Of course, the classic economic theory is that a rise in interest rates reduces inflation as spend decreases and so demand-driven price rises are no longer a factor.

However, we’re not living in classical times. This economic slowdown – it can’t be called a recession as we’ve not had a further 2 quarters of negative growth – is persisting and there’s no real expectation of a marked change to lacklustre growth rates throughout the developed world. So it’s not demand that’s driving inflation but rather a number of external forces, including climatic conditions and wars, that have pushed up commodity prices. These won’t respond to a rise in interest rates.

So, given this, let’s understand who benefits from the current scenario and what this means for interest rates.

The main beneficiaries of the sustained low bank rate are:

  • The banks themselves – don’t confuse low bank rates with low interest rates for borrowing money. Certainly, the rates are lower than they were before the crash, but not as low as they should be, given the drop in the bank rate. In fact, looking at interest rates charged to companies and individuals for borrowings, the bank’s margins are extremely high. A margin of 3% to 3.5% (the difference between bank rate and lending rate) is normal – today it’s running somewhere between 5% and 7%, depending on your financial profile. The banks are, quite literally, “coining it” – just look at the new bonus rounds for evidence of this.
  • The government – the massive government debt attracts interest costs (they have to borrow the money). Historically, governments borrow money at, or extremely close to, the bank rate, so by keeping this low, the government reduces the amount of its budget spent on interest to service its massive debts.

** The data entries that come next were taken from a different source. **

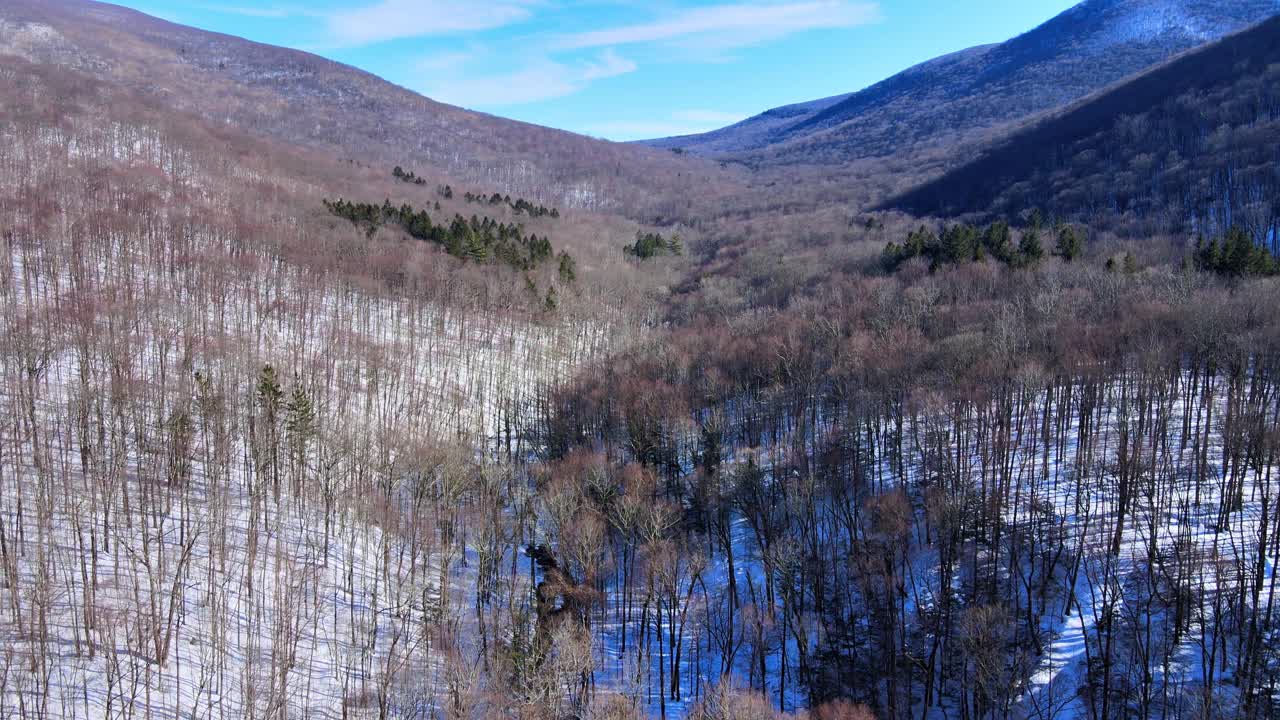 一架无人机拍摄的晴朗的雪山山谷，蓝天和一些云彩视频素材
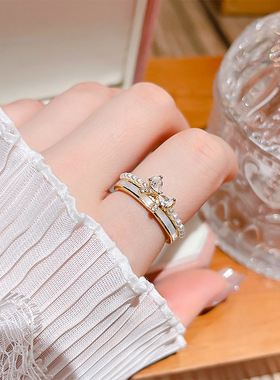 【品质款】珍珠蝴蝶结天然贝母锆石戒指 女韩版精致简约百搭戒指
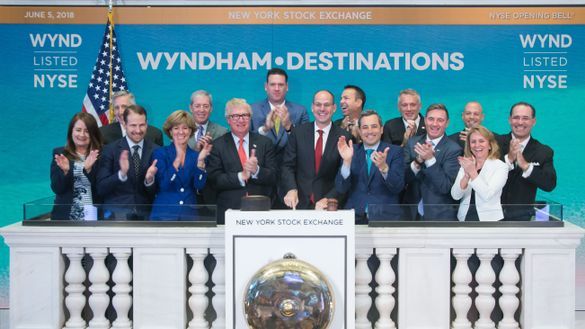 The Wyndham Destinations Senior Leadership Team ringing the bell at the New York Stock Exchange on June 4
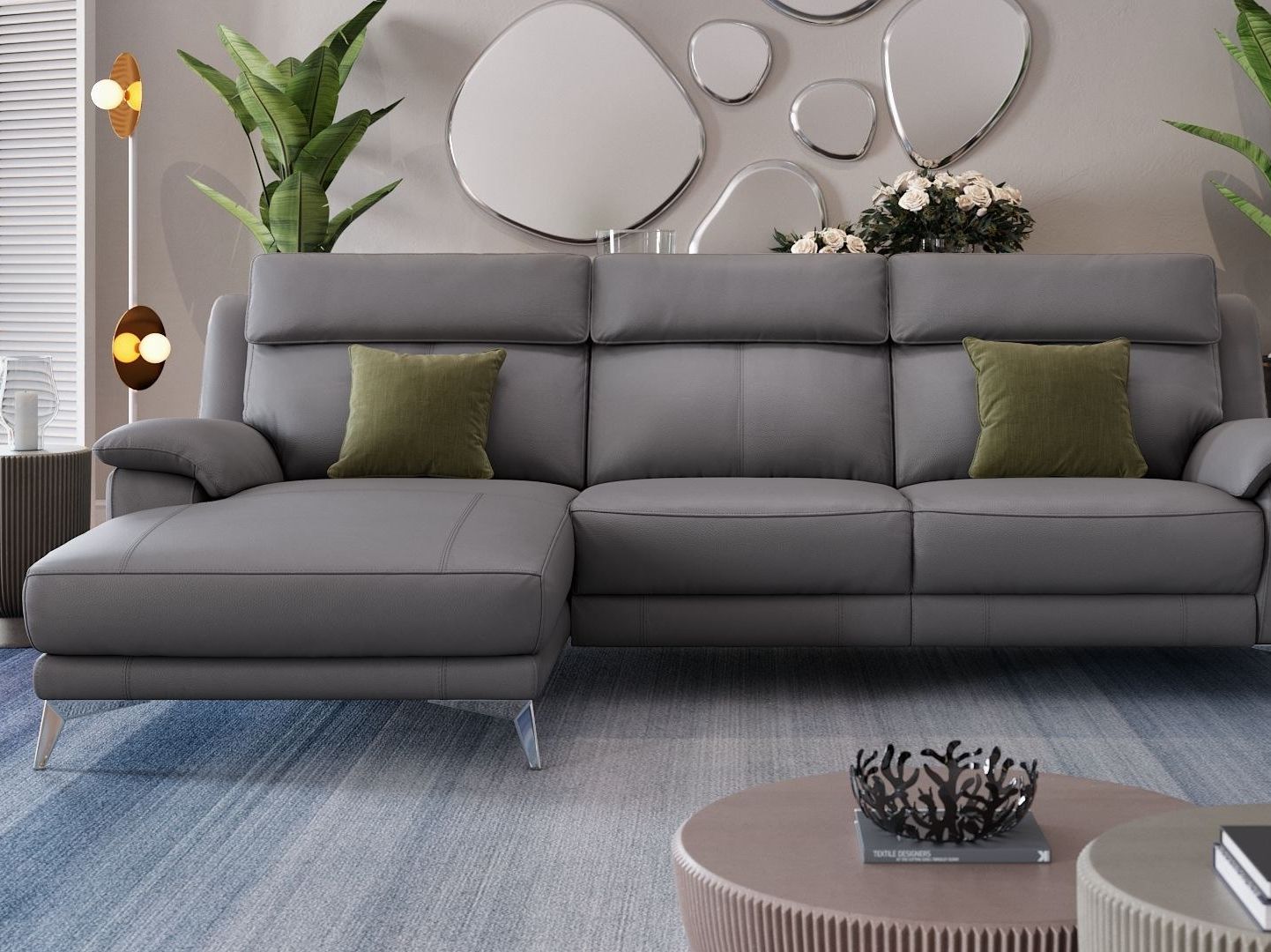 Кожаный диван с полуостровом Sofanella Aliano ARCH-00020881 - Вид №2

Yes, homeowners can benefit to a degree, too – but the advantages tend to be a lot smaller in real terms for most people due to the structure of mortgages and the costs associated with moving between fixed and tracker rates, together with the fact that many people can’t change to take advantage of lower rates due to not having enough equity in their properties following the decline in values. And don’t forget that homeowners repaid a record additional £24 Billion on their mortgages last year – getting their mortgage values down ahead of any possible rise to cushion the impact.

So who benefits from higher inflation?

  • In a word: government. It comes back to the massive government debts that have been rung up in the past 10 years. One way to reduce the effective value of them is to allow moderate inflation into the system – simplistically, 5% inflation over 5 years reduces the effective size of the debt by 25%. Couple this with the increased tax receipts that come with inflation and you have a model to get government debt down much more quickly than would otherwise be the case.

So, given that inflation won’t respond to a rise in interest rates as this is not caused by high demand, and that the government and banks are the primary beneficiaries of having a slightly higher inflation rate and a sustained low bank rate, is it likely we’ll see an interest rate rise soon?

I think not – although I suspect the impact of a rise in bank rates may be felt less than generally expected. In fact, it might well lead to lending rates not going up at all as the banks would use this as a way to try to woo customers from each other, keeping lending rates where they were before – let’s face it, they have more than enough room in their margins to absorb a few modest rises in the bank rate.